I remember we were at the trial, I was there day in and day out, in the courtroom from early in the morning to late at night, trying to make sense of all this stuff. The time comes that the verdict would be pronounced, and he's pronounced guilty. I just couldn't believe it. I do know, and I have some encouragement — there's an organization actually working on his case because they think a bunch of things are amiss, but I don't know. But that’s the situation, and it's hard. I remember standing up and walking out of the courtroom. I remember everything I saw. One of his kids — he has four kids — walked to a corner of a room and was visibly shaking. He was so upset, so hurt, and so angry. I remember being worried that he would do something to hurt himself, hurt somebody else, or get him in trouble. So, I just walked over and bear-hugged him as tight as I could, and we just walked out of the courthouse, together, as he was sobbing and weeping. So was I.
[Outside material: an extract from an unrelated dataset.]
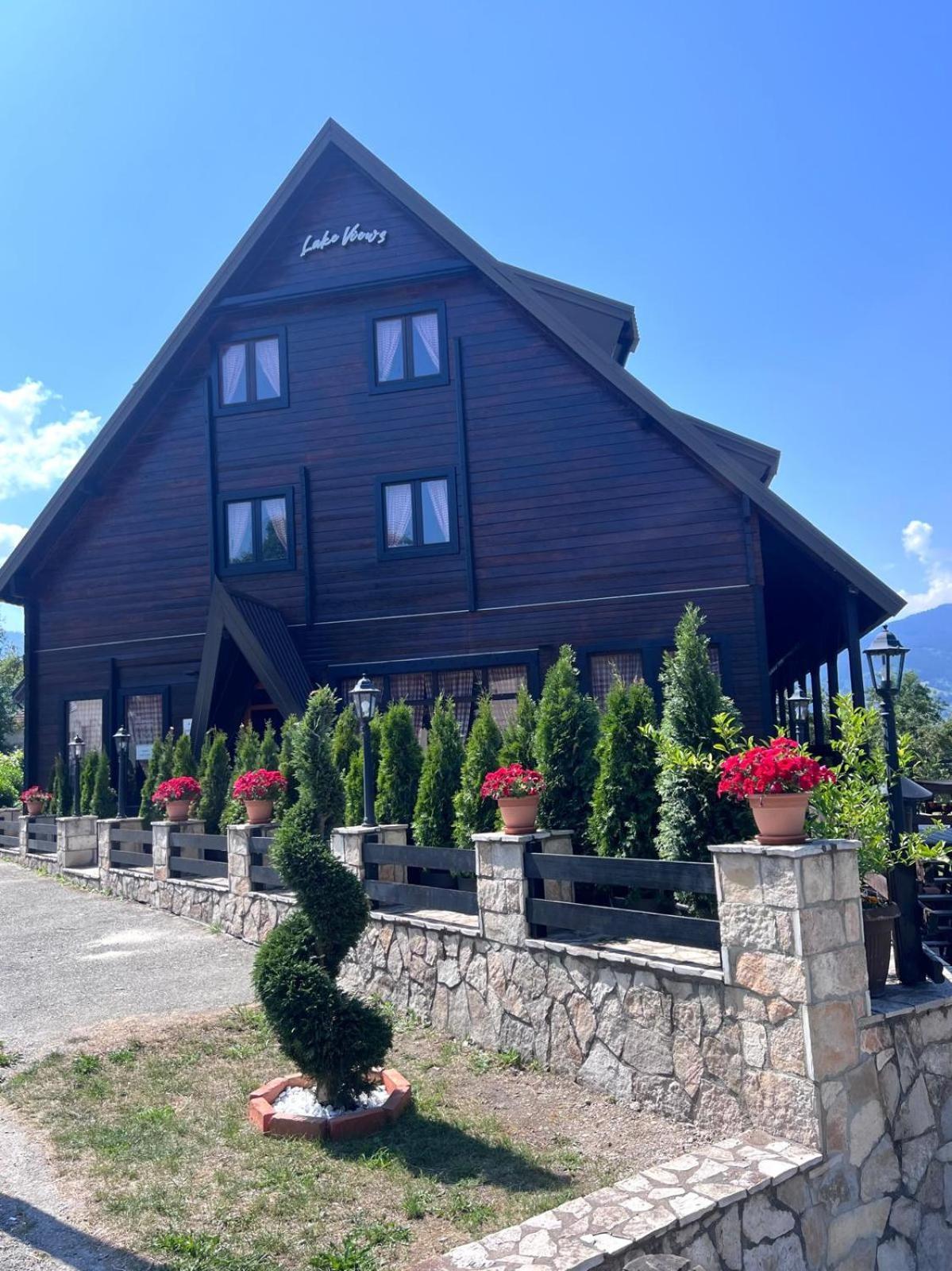 Camp Hotel Lake Views Πλαβ Εξωτερικό φωτογραφία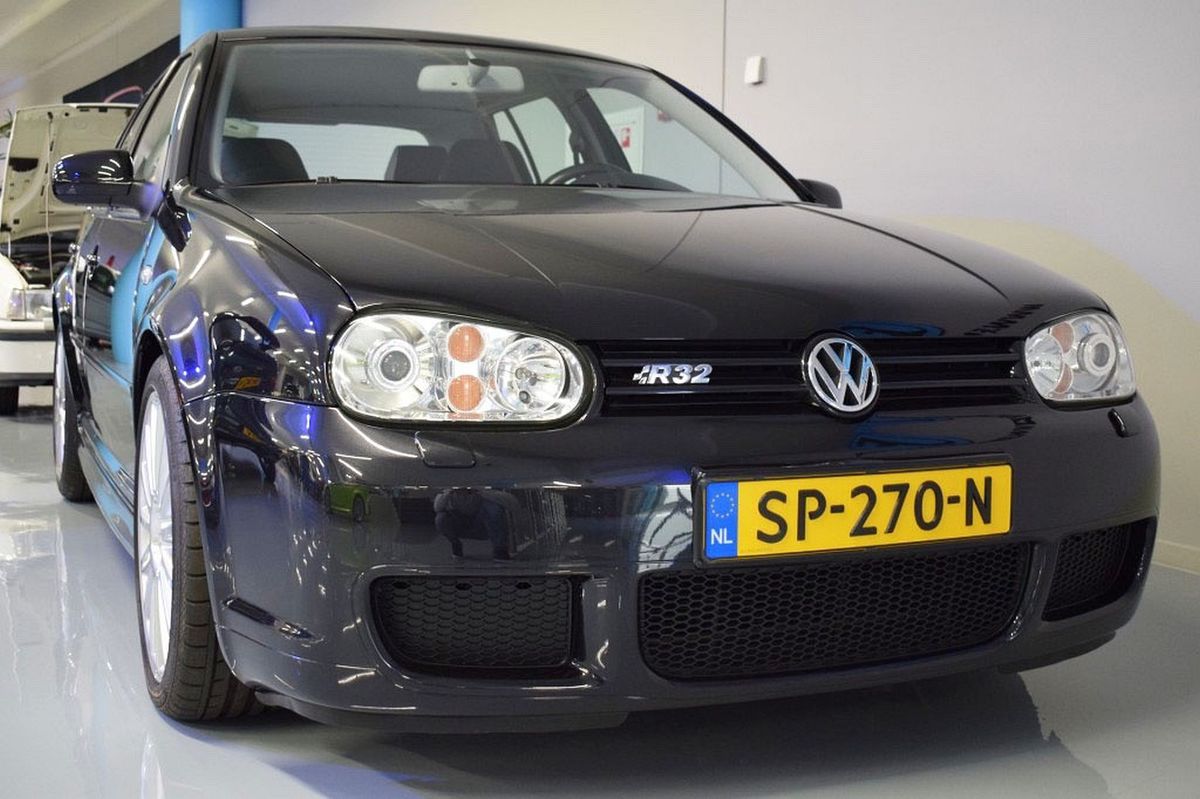 Nádherný Golf R32 nedával svoju divokú DNA...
I tell you that story because this has been an eight-year valley. Sometimes valleys aren't measured in hours, they’re not measured in days, weeks, or months. Sometimes they're measured in years or lifetimes. Maybe you're in one of those, even right now, in your life. But I've watched as God, over the course of that period of time, has shown up in ways I never would've thought possible, has been there in ways I never could have imagined, and has slowly but surely, over eight years, shifted our family's perspective. Not that it's all good and we don't have pain over it, but that God has shifted our perspective to see what he might be doing.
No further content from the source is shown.